NGLs are used as feedstocks for petrochemical plants (to produce plastics, rubber, etc.), burned for heating homes and cooking, and blended into vehicle fuel. Many NGLs are also exported to higher-cost markets in Europe, China, and India.
With a network of pipelines, processing plants, fractionators, and storage facilities, ONEOK connects growing NGL and natural gas supply with key market centers.
The firm's infrastructure connects to some of the nation's largest and fastest-growing shale formations, including the Permian basin in Texas and the Bakken formation in North Dakota.
- Natural Gas Liquids (60% of EBITDA): ONEOK owns an integrated NGL pipeline system from North Dakota through the Mid-Continent to the Gulf Coast, linking key NGL market centers along the way. The firm provides fee-based services (gathering, fractionation, transportation, marketing, storage) to natural gas processors and customers.
- Natural Gas Gathering & Processing (25% of EBITDA): provides gathering, compression, treating, and processing services to producers.
- Natural Gas Pipelines (15% of EBITDA): provides natural gas transportation and storage services and direct connectivity to end-use markets (gas distribution companies, utilities, industrial firms, etc.).
Simply put, few companies have the capital and industry connections (e.g. oil & gas producers, regulators) to build and operate integrated pipeline systems.
Only so many pipelines, fractionators, and storage facilities are needed within a particular geographic area as well, often resulting in a consolidated market. ONOEK's NGL network is particularly impressive as it connects to about 90% of pipeline-connected natural gas processing plants located in its core Mid-Continent region, providing customers with essential services and optionality.

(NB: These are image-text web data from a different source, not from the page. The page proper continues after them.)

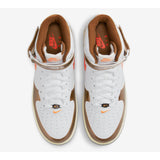 Nike Air Force 1 Mid QS White/Total Orange-Ale Brown  DH5623-100 Men's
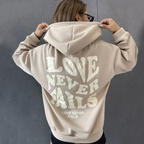 European American Ladies Printed Pullover Sweater | Streetwear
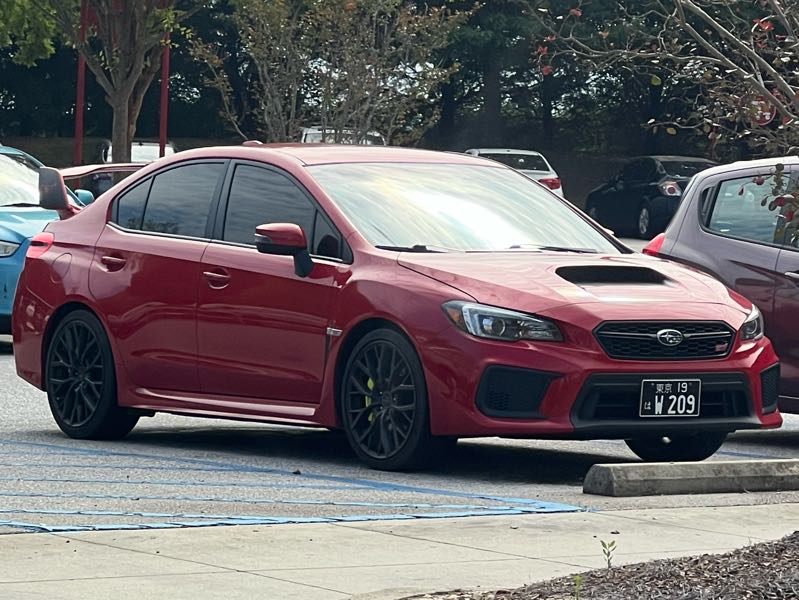Subaru WRX STI spotted in Lexington-Fayette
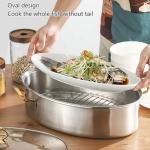 Multi Purpose Cooking Stainless Steel Fish Steamer Thickened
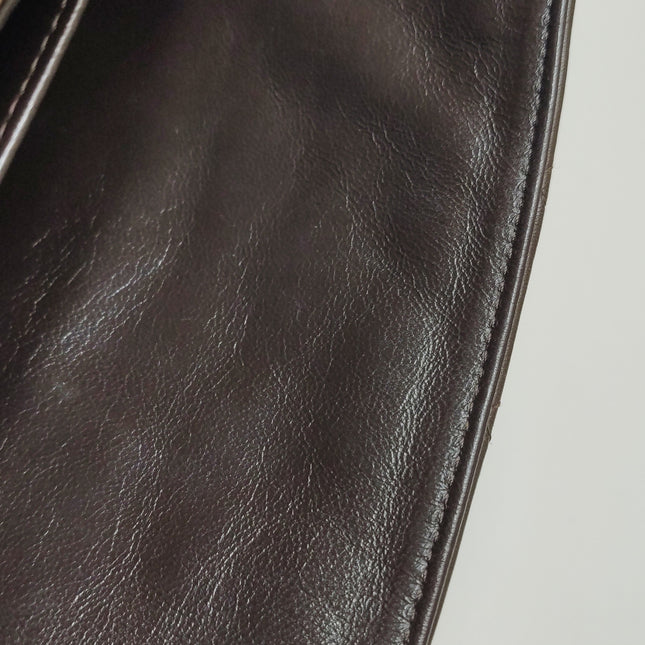 Chanel Classic Flap Jumbo Brown Lambskin Leather Single Flap Gold Hardware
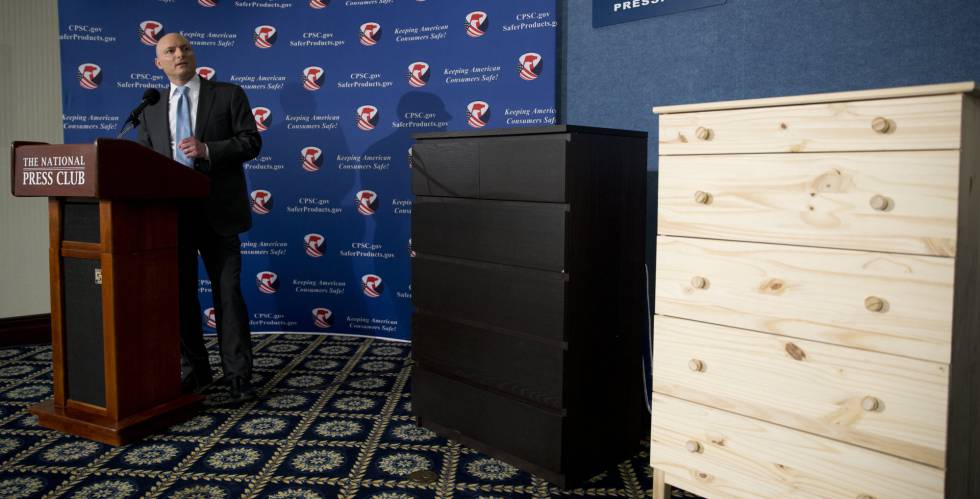 Ikea retira 29 millones de muebles por muerte de seis niños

Pipelines also have few viable substitutes given their safety and cost-efficiency compared to alternative modes of transportation such as rail and truck. Geographical constraints (many shale formations are in hard-to-access areas) often reinforce these advantages.
Furthermore, NGL and natural gas infrastructure enjoys relatively stable demand patterns since many of their end-use products are non-discretionary in nature. Homes need to be heated, vehicles need fuel, and petrochemicals are found in virtually every sector of the economy.
Importantly, most midstream service providers maintain tollbooth-like business models, which generate the bulk of their earnings from fee-based, long-term contracts. This minimizes their exposure to volatile commodity prices.
In a way, the midstream industry is similar to the utility sector in that it provides an essential service for energy firms, is capital intensive, and has solid earnings visibility, resulting in a stable cash flow stream that can support generous dividend payments.
ONEOK has taken a number of steps in recent years to reduce the risk profile of its business. For example, only about 15% of the company's cash flow is subject to commodity prices or volumes on its systems today, down from 34% in 2014.
The company's leverage ratio improved as well, falling from about 6x in 2014 to around 4.5x in 2019. Management expects leverage to drop to 4x by the end of 2020 with an aspirational goal of reaching 3.5x in the long term.
As a result, ONEOK earns a BBB investment-grade credit rating from Standard & Poor's, helping to ensure it maintains access to affordable debt financing for its future growth projects.
In 2017, ONEOK also simplified its corporate structure when it acquired the rest of its master limited partnership ONEOK Partners in a $17.2 billion all-stock transaction.
This deal doubled ONEOK's distributable cash flow and reduced its cost of funding by eliminating its incentive distribution rights.
Combined with improving coverage of the firm's dividend, a moderating growth-capital budget, and several key projects coming online, management expects ONEOK to have a self-funding business model going forward.
In other words, future growth projects can be funded using only the firm's retained cash flow after paying dividends and modest amounts of debt. With no equity issuances needed, ONEOK's expansion opportunities have no dependence on the firm's fickle stock price, reducing risk.
Looking ahead, ONEOK expects its integrated midstream infrastructure to continue benefiting from America's growing supply of NGLs and natural gas in the core shale basins it serves.
In the last decade, America has increased its natural gas production by more than 60%, according to the Wall Street Journal. The production boom in gas has resulted in strong output growth of NGLs, too.
Most industry outlooks, including Exxon Mobil's, expect the boom in natural gas to continue as lower-carbon fuels grow in demand. America's low-cost gas production compared to Europe and Asia is expected to continue fueling strong export demand for NGLs and liquefied natural gas as well.
However, the company faces several risks.
While this is a positive for the firm's risk profile and dividend coverage, a lack of major expansion projects also means that ONEOK's cash flow and dividend growth rate will slow in the future, likely to a low- to mid-single digit pace.
Management has so far met the firm's five-year guidance issued in 2017 calling for 9% to 11% annual dividend increases, but income investors should not extrapolate this type of payout growth beyond 2020.
Finally, it's worth repeating that approximately 15% of ONEOK's cash flow are not fee-based. A prolonged downturn in NGL and natural gas prices would hurt the firm's commodity revenue and while potentially reducing drilling activity and slowing production growth in the firm's key shale regions.
Low gas prices and weaker volumes could lead to excess capacity in some of ONEOK's markets and financially strain certain customers. Fortunately, the company's customers are primarily major oil & gas producers and leading petrochemical firms with healthy credit.
ONEOK's improved balance sheet, self-funding business model, reasonable payout ratio (management targets annual dividend coverage of at least 1.2x), and moderating growth spending help mitigate many of these concerns as well.
However, the evolution of energy markets (demand for fossil fuels, rise of renewables, etc.) should continue to be monitored given its potential to reduce the long-term need for new midstream infrastructure, which would weigh on the industry's growth outlook.